▶ **Work instructions**:
Give the listing again exactly, omitting its images.
Data excerpt Block Start
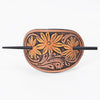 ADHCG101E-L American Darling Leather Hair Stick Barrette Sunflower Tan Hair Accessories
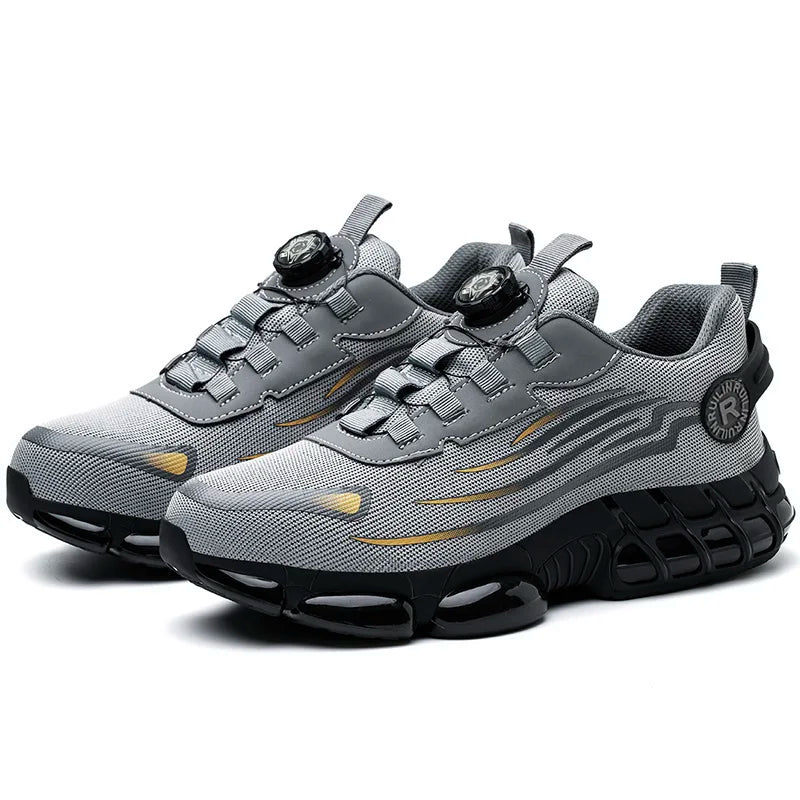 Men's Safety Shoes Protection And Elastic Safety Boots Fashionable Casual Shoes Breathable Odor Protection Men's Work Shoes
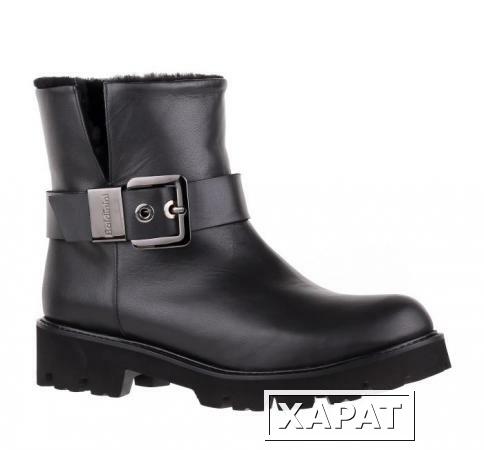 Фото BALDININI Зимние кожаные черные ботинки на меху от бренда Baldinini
Data excerpt Block End
▶ **Task output**:
 ADHCG101E-L American Darling Leather Hair Stick Barrette Sunflower Tan Hair Accessories
 Men's Safety Shoes Protection And Elastic Safety Boots Fashionable Casual Shoes Breathable Odor Protection Men's Work Shoes
 Фото BALDININI Зимние кожаные черные ботинки на меху от бренда Baldinini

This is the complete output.